TASK STATEMENT ::
The entries below contain a stretch that opens with the line containing "the chloroform layers" and closes with the line containing "soluble in chloroform, benzene, ether etc"; set down that stretch exactly, both ends included, and nothing else.

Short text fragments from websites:

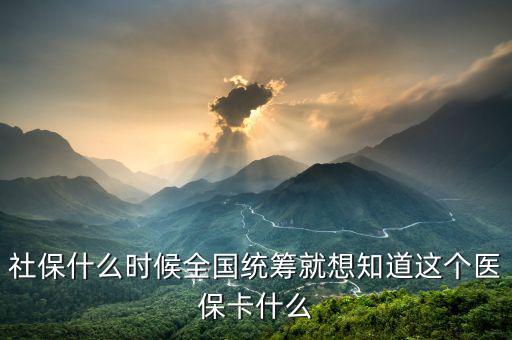什么時(shí)候醫(yī)療保險(xiǎn)能全國統(tǒng)籌，什么情況下才進(jìn)入醫(yī)保統(tǒng)籌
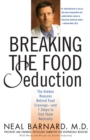 Image for Breaking the Food Seduction : The Hidden Reasons Behind Food Cravings--And 7 Steps to End Them Naturally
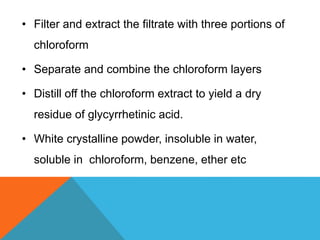 • Filter and extract the filtrate with three portions of
chloroform
• Separate and combine the chloroform layers
• Distill off the chloroform extract to yield a dry
residue of glycyrrhetinic acid.
• White crystalline powder, insoluble in water,
soluble in chloroform, benzene, ether etc
 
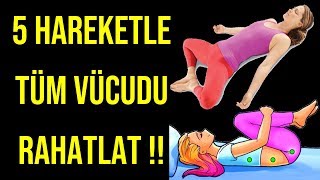 5 HAREKETLE TÜM VÜCUDU RAHATLATIN STRESİ ALIR VE UYKUSUZLUĞA İYİ GELİR [upl. by Orsay389]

ANSWER SPACE ::
• Separate and combine the chloroform layers
• Distill off the chloroform extract to yield a dry
residue of glycyrrhetinic acid.
• White crystalline powder, insoluble in water,
soluble in chloroform, benzene, ether etc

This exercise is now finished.